Web page caption snippets

_ _ _ _

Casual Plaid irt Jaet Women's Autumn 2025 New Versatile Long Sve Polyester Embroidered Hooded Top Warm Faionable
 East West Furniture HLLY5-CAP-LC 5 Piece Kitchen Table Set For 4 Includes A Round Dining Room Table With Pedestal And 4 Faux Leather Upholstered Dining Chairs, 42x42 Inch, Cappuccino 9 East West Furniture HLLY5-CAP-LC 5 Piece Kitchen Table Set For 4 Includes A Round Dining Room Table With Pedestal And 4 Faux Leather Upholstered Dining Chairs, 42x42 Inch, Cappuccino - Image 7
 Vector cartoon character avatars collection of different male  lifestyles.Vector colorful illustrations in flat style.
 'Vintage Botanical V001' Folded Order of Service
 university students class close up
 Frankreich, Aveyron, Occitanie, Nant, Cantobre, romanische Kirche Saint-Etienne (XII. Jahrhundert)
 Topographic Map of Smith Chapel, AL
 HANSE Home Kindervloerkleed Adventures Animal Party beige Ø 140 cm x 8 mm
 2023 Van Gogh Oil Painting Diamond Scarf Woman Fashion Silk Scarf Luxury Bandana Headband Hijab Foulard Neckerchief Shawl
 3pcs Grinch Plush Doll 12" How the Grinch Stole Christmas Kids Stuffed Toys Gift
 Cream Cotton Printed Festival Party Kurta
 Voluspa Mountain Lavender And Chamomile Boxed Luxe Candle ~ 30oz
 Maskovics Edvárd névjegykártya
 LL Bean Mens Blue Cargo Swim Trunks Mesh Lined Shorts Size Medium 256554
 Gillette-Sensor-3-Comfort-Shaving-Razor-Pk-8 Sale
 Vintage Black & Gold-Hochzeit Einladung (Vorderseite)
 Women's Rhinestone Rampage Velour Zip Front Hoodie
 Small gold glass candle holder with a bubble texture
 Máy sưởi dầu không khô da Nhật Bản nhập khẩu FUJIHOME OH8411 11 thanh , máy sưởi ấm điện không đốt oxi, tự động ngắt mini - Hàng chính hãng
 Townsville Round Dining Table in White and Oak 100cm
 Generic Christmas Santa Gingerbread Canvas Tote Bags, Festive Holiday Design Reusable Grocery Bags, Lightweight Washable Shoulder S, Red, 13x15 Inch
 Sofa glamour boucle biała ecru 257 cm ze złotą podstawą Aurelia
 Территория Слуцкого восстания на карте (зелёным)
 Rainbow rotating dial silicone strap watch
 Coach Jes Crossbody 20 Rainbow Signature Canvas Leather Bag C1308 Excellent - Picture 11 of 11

_ _ _ _

■ **What is needed**
Copy exactly the lines that begin with the one containing "Generic Christmas Santa" and continue to the end of the records, both included, and nothing more.

■ **Solution below**
 Generic Christmas Santa Gingerbread Canvas Tote Bags, Festive Holiday Design Reusable Grocery Bags, Lightweight Washable Shoulder S, Red, 13x15 Inch
 Sofa glamour boucle biała ecru 257 cm ze złotą podstawą Aurelia
 Территория Слуцкого восстания на карте (зелёным)
 Rainbow rotating dial silicone strap watch
 Coach Jes Crossbody 20 Rainbow Signature Canvas Leather Bag C1308 Excellent - Picture 11 of 11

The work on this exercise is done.